### Description of the task
Could you print all the entries below exactly as they appear, omitting the pictures?

------------------------------------------------------------

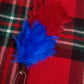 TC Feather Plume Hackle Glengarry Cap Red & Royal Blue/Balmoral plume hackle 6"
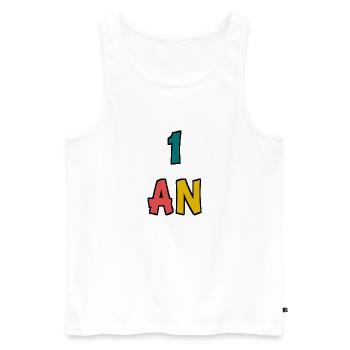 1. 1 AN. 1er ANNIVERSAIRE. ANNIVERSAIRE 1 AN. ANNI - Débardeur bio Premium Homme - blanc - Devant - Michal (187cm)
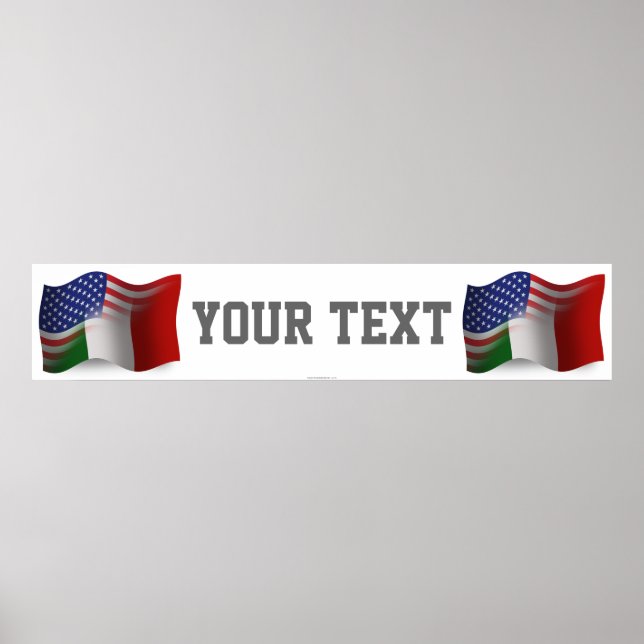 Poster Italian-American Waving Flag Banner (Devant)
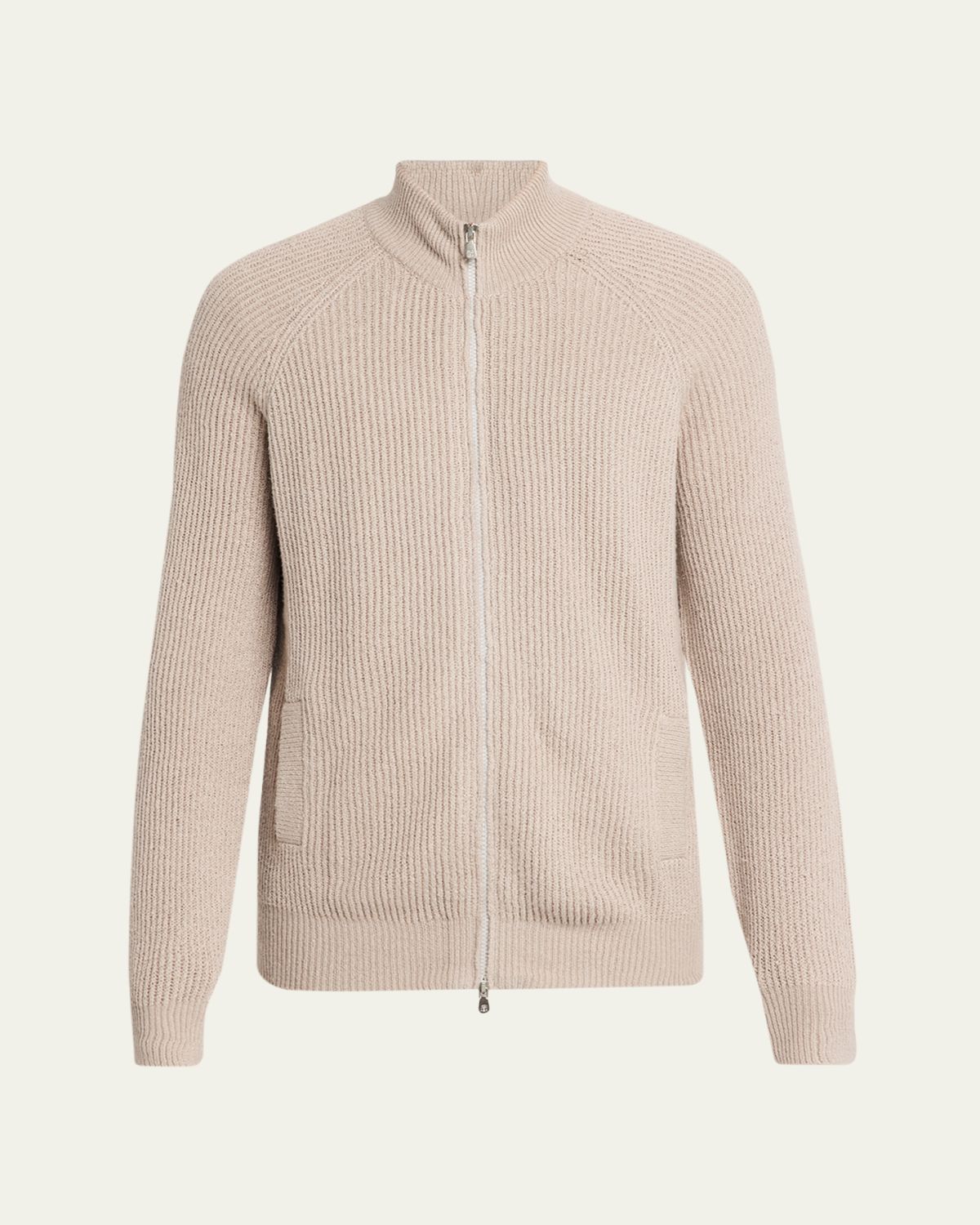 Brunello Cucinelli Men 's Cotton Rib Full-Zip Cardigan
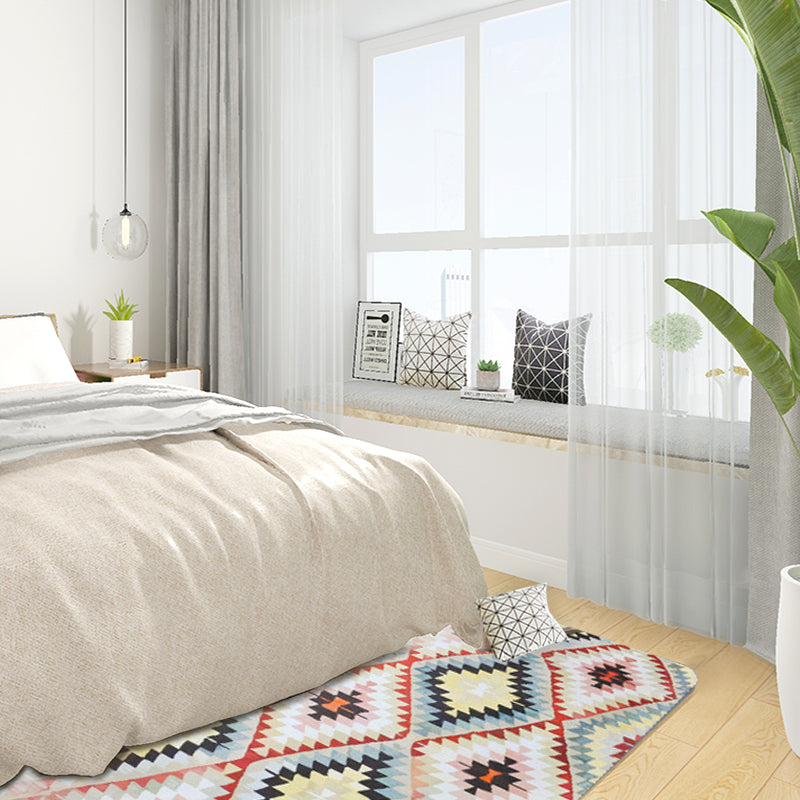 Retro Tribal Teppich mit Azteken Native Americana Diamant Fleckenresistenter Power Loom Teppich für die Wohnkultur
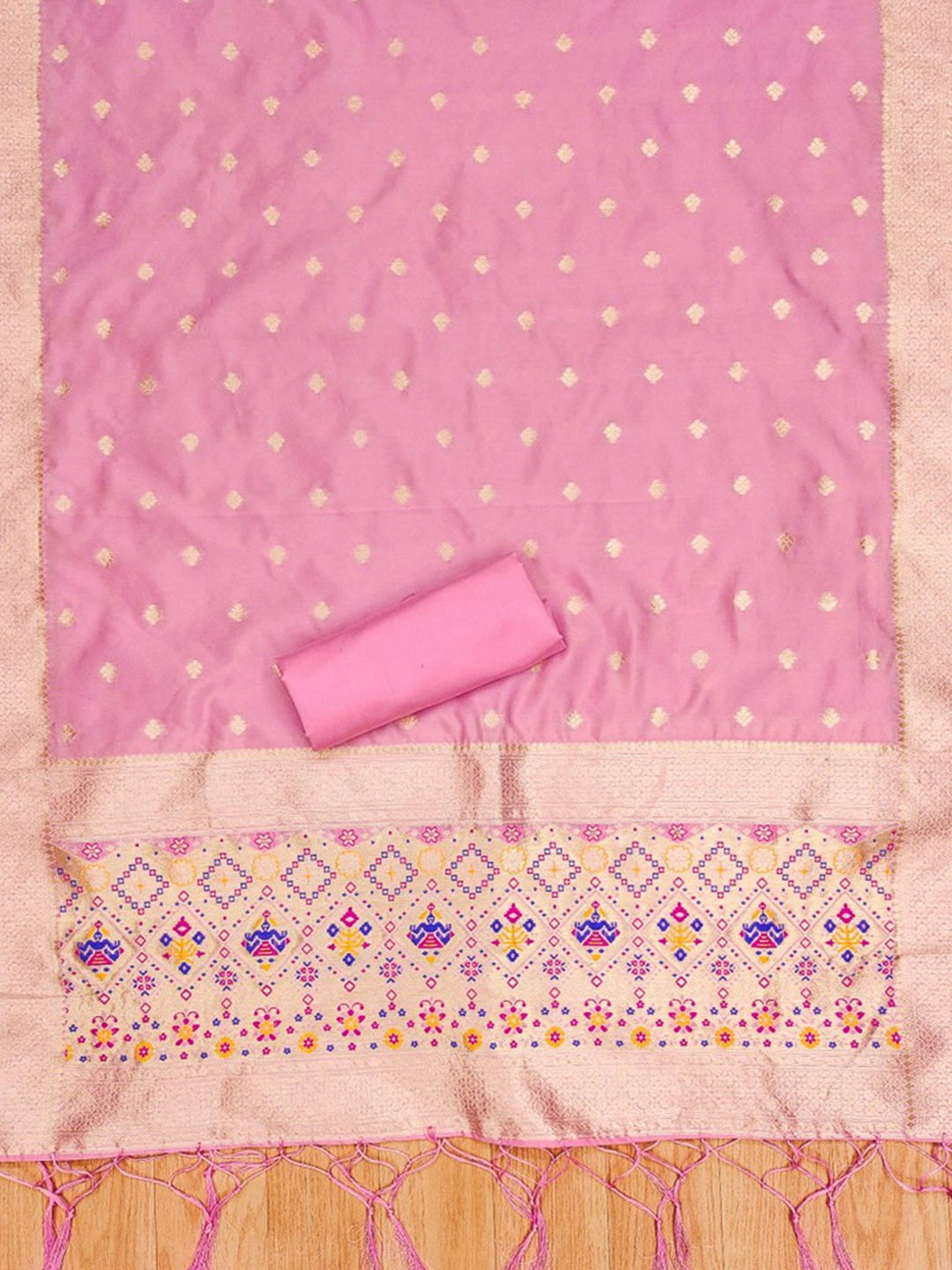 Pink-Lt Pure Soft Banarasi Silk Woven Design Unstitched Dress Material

------------------------------------------------------------

### Exercise solution
 TC Feather Plume Hackle Glengarry Cap Red & Royal Blue/Balmoral plume hackle 6"
 1. 1 AN. 1er ANNIVERSAIRE. ANNIVERSAIRE 1 AN. ANNI - Débardeur bio Premium Homme - blanc - Devant - Michal (187cm)
 Poster Italian-American Waving Flag Banner (Devant)
 Brunello Cucinelli Men 's Cotton Rib Full-Zip Cardigan
 Retro Tribal Teppich mit Azteken Native Americana Diamant Fleckenresistenter Power Loom Teppich für die Wohnkultur
 Pink-Lt Pure Soft Banarasi Silk Woven Design Unstitched Dress Material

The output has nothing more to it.